Jim Dickson on Lessons Learned at Sanctuary Wealth

The former Sanctuary Wealth CEO opens up about the mistakes he made at the helm of the firm, which RIA founders can learn from.

Jim Dickson, who was terminated from his position as CEO of Sanctuary Wealth, the firm he founded in 2018, spoke publicly this week for the first time since his departure.

At the MarketCounsel Summit in Las Vegas, Dickson, who declined to comment on why he left, reflected on his time at Sanctuary, in particular his struggle to balance growth of new advisors joining with service to existing ones and the pitfalls of taking on capital partners.

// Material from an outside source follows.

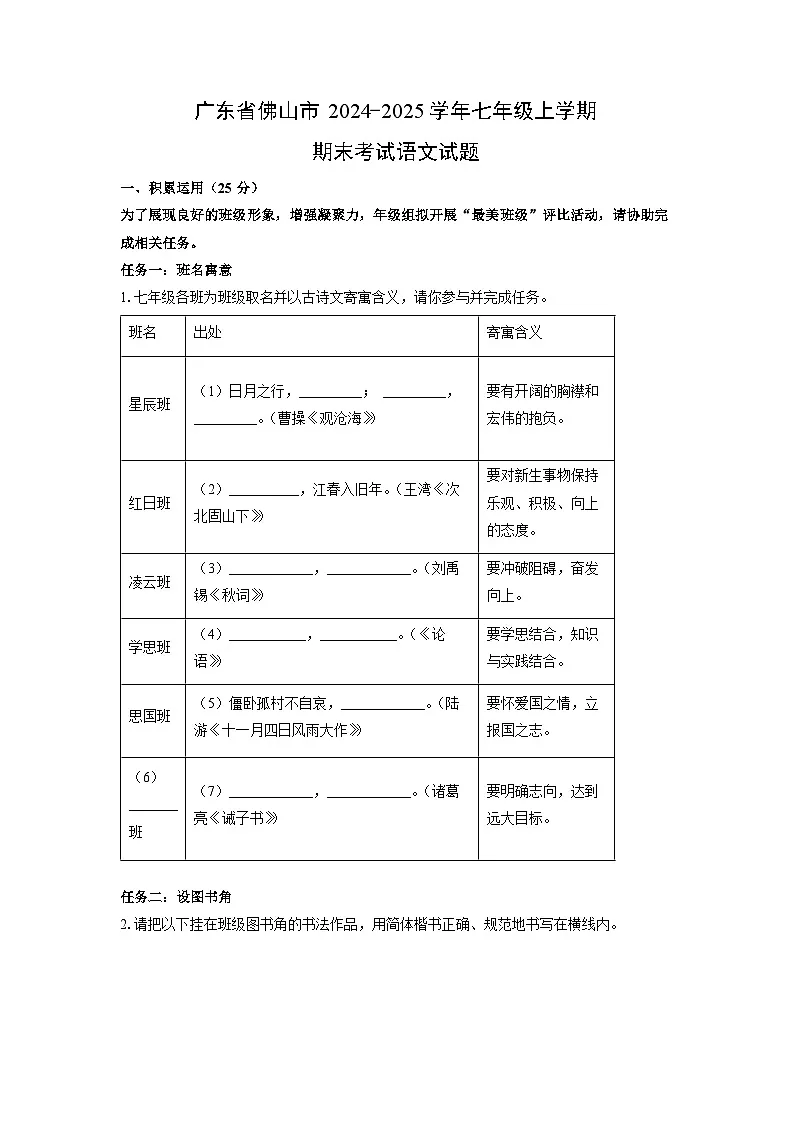 2024~2025学年广东省佛山市七年级(上)期末语文语文试题(学生版)第1页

Dickson, a former Merrill Lynch executive, launched Sanctuary in 2018 as a supported independence platform for advisors coming out of the wirehouses. It grew rapidly under his leadership into a national network of independent wealth managers, with $27 billion in assets and 300 advisors in 28 states. But in a surprise move in February, he was abruptly replaced by Adam Malamed, a former Ladenburg Thalmann executive and member of Sanctuary's board of directors, as CEO of the firm.

“I don’t regret anything I did at Sanctuary. It was an amazing run. So thankful for it,” Dickson said. “But the reality is, it didn’t end the way I wanted it to. That’s OK, you learn from that. You go on, and there will be other chapters and lessons learned.”

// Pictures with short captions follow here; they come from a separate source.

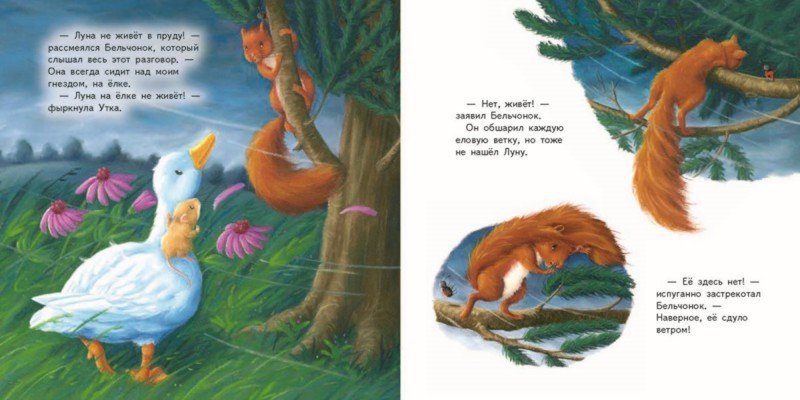 Иллюстрация 3 из 15 для Мышонок и Луна - М. Батлер | Лабиринт - книги. Источник: Лабиринт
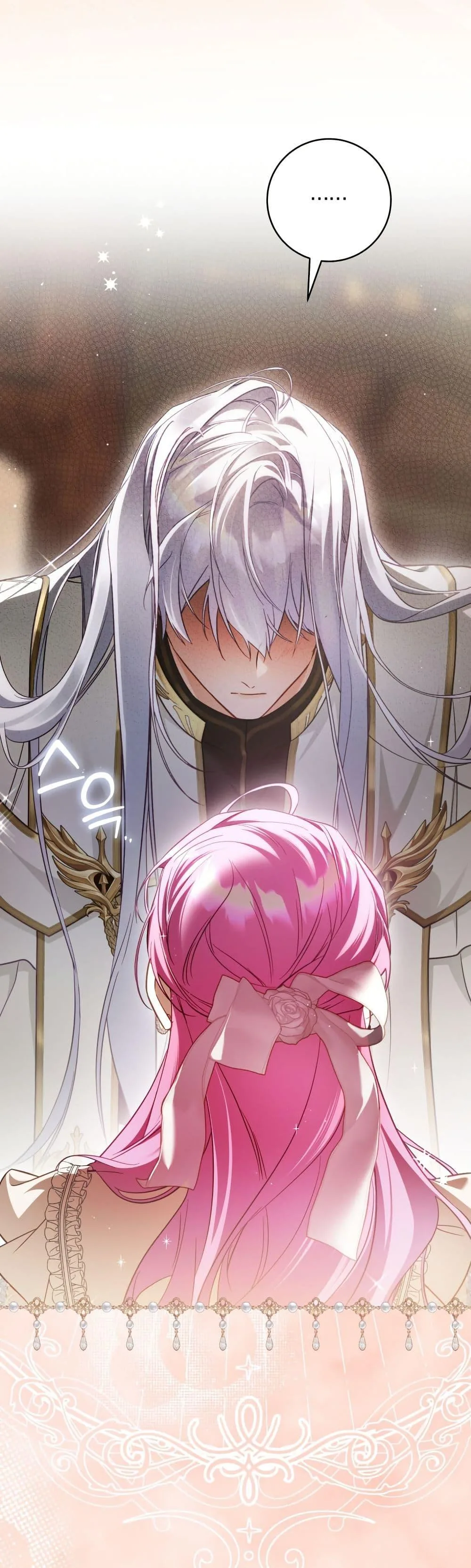 The Flower With a Sword บุปผาโอบดาบ ตอนที่ 41 หน้า 36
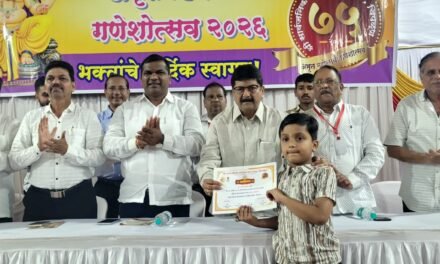 श्री सार्वजनिक गणेशोत्सव मंडळाच्या विविध स्पर्धांचा बक्षीस वितरण सोहळा आमदार शेखरजी निकम यांचे प्रमुख उपस्थितीत संपन्न..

To accommodate the firm's growth and deal pipeline, Dickson raised professional capital in two rounds, the first being led by an investment bank. In 2020, after a long due diligence process of speaking to some 30 capital providers, the firm raised about $50 million from Azimut Group, a European asset management firm.

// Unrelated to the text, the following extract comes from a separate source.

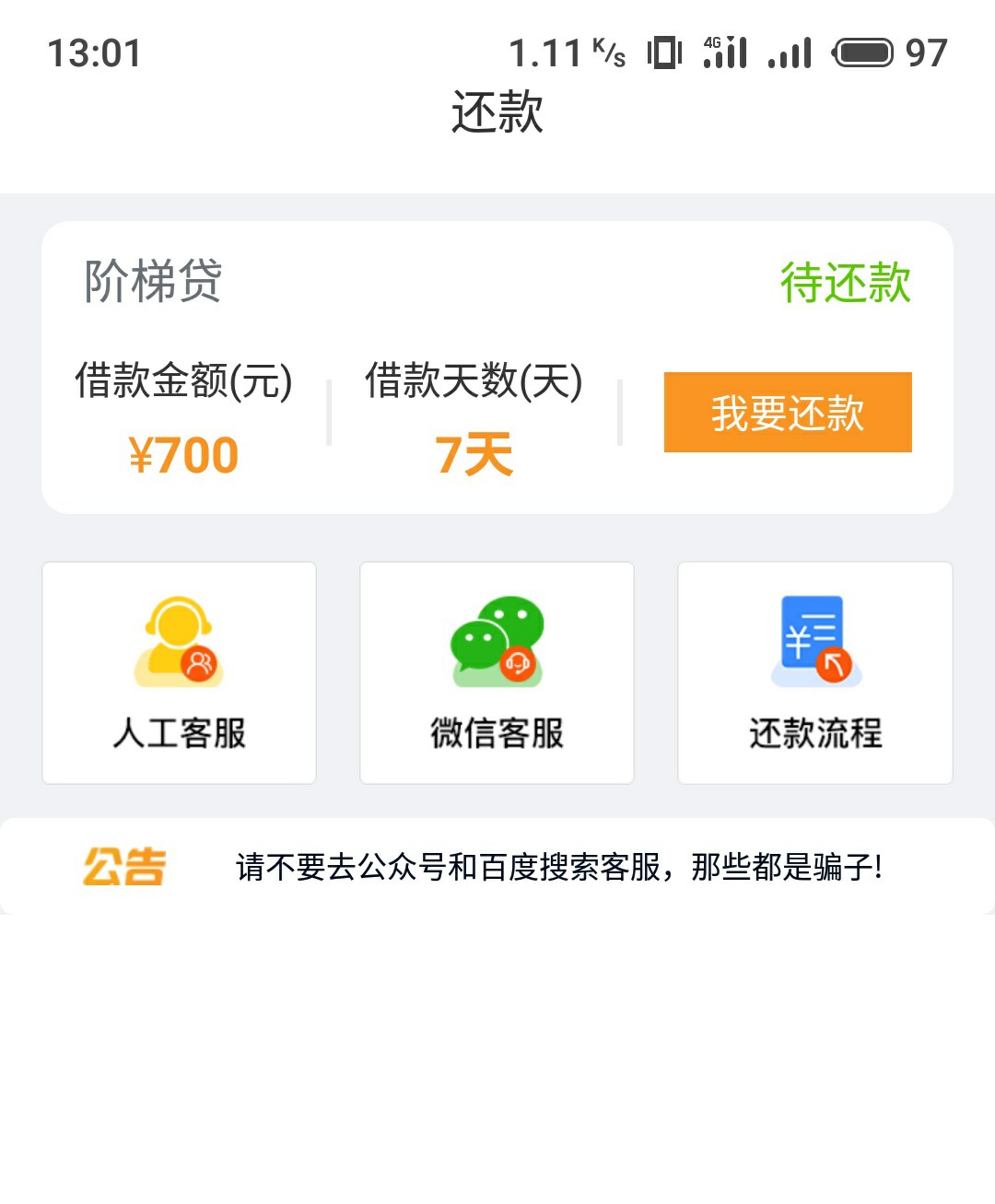 可乐系列三杀！！本人资质各种逾期可乐系列三杀！！本人资质各种逾期！！今年81 / 作者:我米成年 /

“That was the day Sanctuary had to become more professional. It wasn’t a startup anymore. It was a mid-cap,” Dickson said. “The reality was, by the time we closed that deal, we had almost used it all.”

Looking back, Dickson said as Sanctuary took on larger teams, existing advisors on the platform grew concerned about the level of service they would continue to see.

“We stayed true to our vision," he said. "Had a lot of people that fit, and proud of everybody that’s still there, and doing wonderful. But the reality is, we might’ve grown too fast, too quick.

“You feel you got to go get more capital; you got to go get more people," he said. "You got to make sure you’re serving the right people, and you got people knocking on your door wanting to know more about what you do. And that’s a really hard balancing act for a young, growing company.”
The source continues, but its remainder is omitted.